- _Exercise instructions_:
In the entries below, find the string "Image" and return each line holding it.

Dataset records
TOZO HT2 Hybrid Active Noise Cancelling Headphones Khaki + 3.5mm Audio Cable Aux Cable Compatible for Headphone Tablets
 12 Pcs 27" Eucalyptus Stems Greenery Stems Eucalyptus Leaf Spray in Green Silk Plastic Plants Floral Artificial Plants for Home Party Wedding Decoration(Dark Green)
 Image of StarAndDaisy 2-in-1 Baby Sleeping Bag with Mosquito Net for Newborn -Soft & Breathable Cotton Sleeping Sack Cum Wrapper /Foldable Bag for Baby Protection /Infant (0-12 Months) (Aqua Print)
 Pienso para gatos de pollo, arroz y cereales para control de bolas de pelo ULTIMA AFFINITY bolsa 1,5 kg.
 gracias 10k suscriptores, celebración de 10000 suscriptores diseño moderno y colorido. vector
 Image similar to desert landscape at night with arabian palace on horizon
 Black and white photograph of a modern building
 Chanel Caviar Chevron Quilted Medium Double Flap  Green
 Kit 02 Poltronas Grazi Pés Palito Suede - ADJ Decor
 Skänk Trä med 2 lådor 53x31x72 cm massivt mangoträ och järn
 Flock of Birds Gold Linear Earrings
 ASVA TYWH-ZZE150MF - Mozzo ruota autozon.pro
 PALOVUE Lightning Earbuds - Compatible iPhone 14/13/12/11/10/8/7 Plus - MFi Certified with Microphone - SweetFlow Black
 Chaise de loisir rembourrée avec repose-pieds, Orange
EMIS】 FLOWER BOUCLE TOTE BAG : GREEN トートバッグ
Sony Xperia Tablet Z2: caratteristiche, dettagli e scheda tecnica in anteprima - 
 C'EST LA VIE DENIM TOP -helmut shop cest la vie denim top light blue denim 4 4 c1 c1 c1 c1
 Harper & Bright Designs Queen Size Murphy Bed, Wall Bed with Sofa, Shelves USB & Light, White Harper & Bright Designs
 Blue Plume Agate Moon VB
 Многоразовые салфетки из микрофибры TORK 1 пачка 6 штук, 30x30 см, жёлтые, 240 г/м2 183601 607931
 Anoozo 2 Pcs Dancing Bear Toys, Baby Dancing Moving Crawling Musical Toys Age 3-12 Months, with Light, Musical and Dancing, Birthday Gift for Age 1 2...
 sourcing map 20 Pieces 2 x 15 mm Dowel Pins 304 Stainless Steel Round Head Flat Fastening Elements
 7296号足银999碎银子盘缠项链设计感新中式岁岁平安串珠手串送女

- _Response to this task_:
 Image of StarAndDaisy 2-in-1 Baby Sleeping Bag with Mosquito Net for Newborn -Soft & Breathable Cotton Sleeping Sack Cum Wrapper /Foldable Bag for Baby Protection /Infant (0-12 Months) (Aqua Print)
 Image similar to desert landscape at night with arabian palace on horizon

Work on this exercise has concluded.